The book may have been influential in Vladimir Putin's foreign policy, which eventually led to the 2022 Russian invasion of Ukraine.

Content
In Foundations of Geopolitics, Dugin makes a distinction between "Atlantic" and "Eurasian" societies, which means, as Benjamin R. Teitelbaum describes it "between societies whose coastal geographical position made them cosmopolitan and landlocked societies oriented toward preservation and cohesion". Dugin calls for the "Atlantic societies", primarily represented by the United States, to lose their broader geopolitical influence in Eurasia, and for Russia to rebuild its influence through annexations and alliances. 

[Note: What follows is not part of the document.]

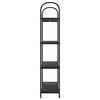 Miniatyrbilde av produktet 6 av 14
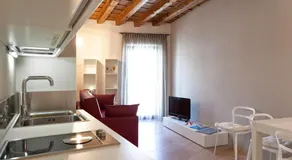 Residenza Madonna Verona - Image 2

The book declares that "the battle for the world rule of Russians" has not ended and Russia remains "the staging area of a new anti-bourgeois, anti-American revolution". The Eurasian Empire will be constructed "on the fundamental principle of the common enemy: the rejection of Atlanticism, strategic control of the U.S., and the refusal to allow liberal values to dominate us." Interestingly, it seems he does not rule out the possibility of Russia joining and/or even supporting EU and NATO instrumentally in a pragmatic way of further Western subversion against geopolitical "Americanism".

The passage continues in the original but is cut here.